Unfortunately, the vertical distribution of atmospheric trace gases is much more difficult and expensive to quantify through observing programs than is the horizontal spatial structure at the surface. Observational data collected at the surface may easily be misinterpreted in terms of meridianal transport and interhemispheric mixing unless a better constraint is placed on vertical profiles in areas of elevated surface concentrations and on meridianal gradients aloft. A series of regular vertical profiles of SF6 over western Europe and the northeastern United States would add considerable constraint to the model behavior. If such a program were combined with periodic meridianal profiles in the middle to upper troposphere, it would be feasible to falsify one or the other of the two "families" of simulations presented here.
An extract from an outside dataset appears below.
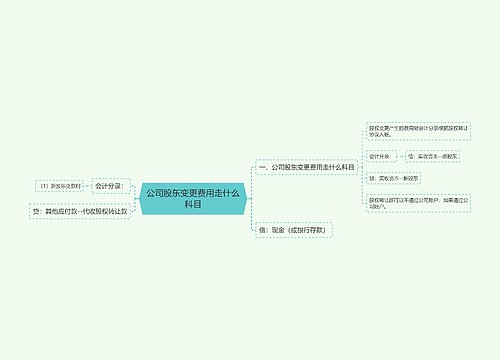 公司股东变更费用走什么科目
We note that both TransCom 1 and TransCom 2 have found significant differences in simulated meridianal and especially vertical tracer structure that result entirely from differences in the simulated transport among models. Some of the models in these experiments are also being used to simulate the distribution of reactive trace gases in the troposphere, and interpretation of the results of such experiments must be done with caution since transport differences are convolved with differences in reactive chemistry in such experiments. A systematic program to quantify the 3-dimensional distribution of an easy-to-measure nonreactive tracer such as SF6 would be prudent to allow the simulated transport to be calibrated among these models. Such a program would add significant value to observing programs which measure reactive gases.
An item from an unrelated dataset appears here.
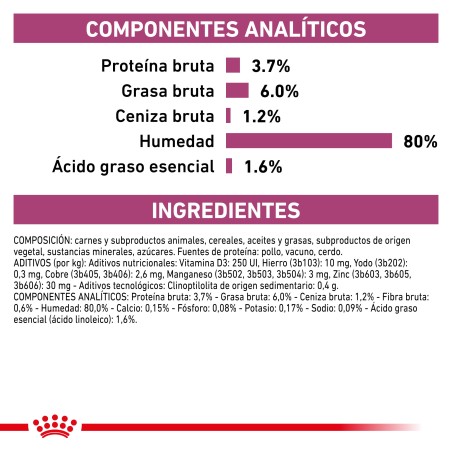 Royal Canin VET Early Renal - Alimento em molho para gato adulto com doença renal precoce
One important aspect of the transport was the striking difference among models in the simulated surface meridianal gradient of CO2 in the TransCom 1 biospheric experiment. The Arctic-to-Antarctic CO2 gradient in that experiment varied from 2.5 ppm in models with strong rectification (CSU, CCM2, NIRE) to less than 0.5 ppm for those models with weak rectification (GISS, MUTM, TM2), to -1.5 ppm for the ANU model, which appears to exhibit negative rectification. This important difference has a direct and significant bearing on the use of these models in CO2 inversion studies. Unfortunately, neither the SF6 experiment nor a 222Rn calibration can directly address the question of rectification. Correct vertical transport by subgrid-scale processes is a necessary condition for correct simulation of rectification, and can be tested with better data on the vertical and seasonal changes in tropospheric 222Rn. Terrestrial CO2 flux is different from 222Rn in that it changes sign from night to day and from summer to autumn, so it is the covariance between flux and the vertical transport that must be simulated correctly. Calibrating this aspect of model transport may best be accomplished at smaller scales using intensive field data rather than global simulations using occasional and widely scattered column constraints.
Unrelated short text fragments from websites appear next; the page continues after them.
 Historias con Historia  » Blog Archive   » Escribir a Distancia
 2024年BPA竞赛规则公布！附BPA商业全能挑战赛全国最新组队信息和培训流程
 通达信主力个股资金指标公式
The use of tracer transport codes for atmospheric inversion studies is a valuable tool that can add significant information about sources and sinks of atmospheric trace gases. Such calculations currently face considerable uncertainty due to differences in simulated transport, as outlined here and in other model intercomparison studies. A worthwhile future goal would be to quantify the uncertainty in carbon cycle inversion calculation arising from the transport directly, through an inversion intercomparison.